C’est la première collaboration entre l’acteur et le réalisateur Georges Lautner. Dans l’opposition que l’on se plait à faire entre Alain Delon et Jean-Paul Belmondo, le premier passe souvent pour le psychorigide narcissique tandis que le second a cette image de bon vivant, ce capital sympathie attachant pour le public. Pourtant, avant de voir sa carrière sombrer dans les années 80 en voulant marcher sur les plates-bandes de Belmondo, la filmographie de Delon durant les années 70 écrase qualitativement celle de son rival. L’exigence, la variété des rôles, le choix des collaborateurs semble se faire avant tout au service du film plutôt que de l’égo. Au contraire Belmondo s’enfermera jusqu’à la caricature, dans un confort, une formule commerciale où son contrôle ne sert que sa personne jusqu’à finir par la lasser le public après certes une domination impressionnante au box-office. 

Pour symboliser cela il suffit de comparer la collaboration des deux acteurs avec Georges Lautner. Alain Delon impose durant leur deux films communs (Les Seins de glace (1975) et Mort d’un pourri (1977)) un cadre et une rigueur pas toujours prégnante chez le réalisateur, tout en lui laissant l’espace pour développer de vrais films ambitieux dans le fond (Mort d’un pourri) et la forme (Les Seins de glace et ses élans de giallo et thriller psychologique). Au contraire, Belmondo fait de Lautner un exécutant presque anonyme dans Flic ou voyou et toutes les collaborations qui suivront (Le Guignolo (1980), Le Professionnel (1981), Joyeuses Pâques (1984)) où l’on ne fait plus la différence avec d’autres films de la formule Bébel (Le Marginal de Jacques Deray (1983), autre réalisateur plus doué et libre avec Delon que Belmondo) qui gâche même des projets aussi ambitieux que Le Professionnel.

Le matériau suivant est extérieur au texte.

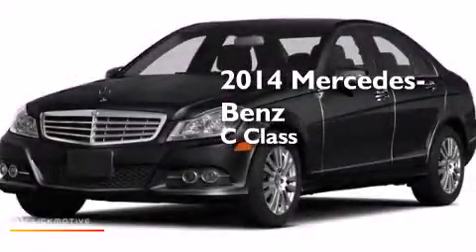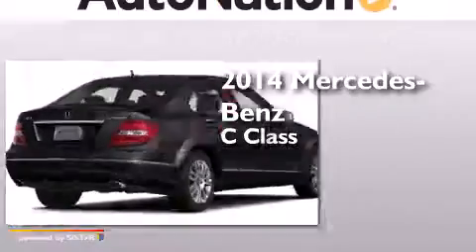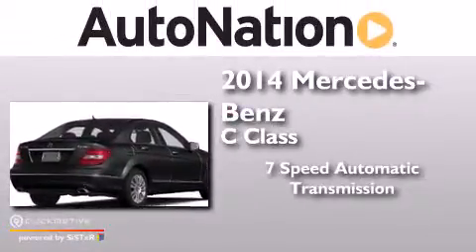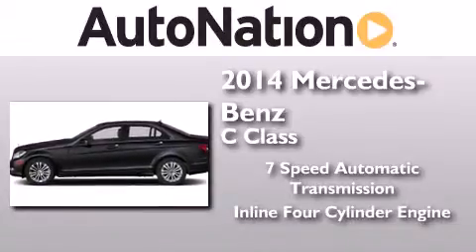This is a brand new 2014 Mercedes-Benz C-Class. This four-door sedan has a seven-speed automatic transmission and an inline four-cylinder engine.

Lautner voit après Mort d’un pourri l’occasion de collaborer avec l’autre grande star du cinéma français d’alors dans Flic ou voyou, Michel Audiard dialoguiste sur les deux ayant établit le contact. Le début du film fait son effet, à travers le mystère autour des intentions et de l’identité de Cerruti (Jean-Paul Belmondo), mais aussi son attitude iconoclaste le voyant semer la zizanie dans différents clans de la pègre niçoise. Peu à peu le récit s’enlise malheureusement, laissant trop d’espace au numéro de Belmondo (même si la fantaisie de l’acteur et quelques bons mots d’Audiard font mouche) dans une intrigue lâche et ne parvenant jamais à retrouver le nerf du polar entrevu au départ. Les cascades, certes impressionnantes, ne semblent là que pour servir un cocktail attendu, mais sans ressentir la moindre tension ou ivresse. La poursuite en voiture d’auto-école dans Nice provoque un ennui poli, et l’incroyable morceau de bravoure où Belmondo descend à mains nues un câble de téléphérique semble plus préoccupé à bien montrer que l’acteur exécute lui-même la cascade que de construire un suspense autour.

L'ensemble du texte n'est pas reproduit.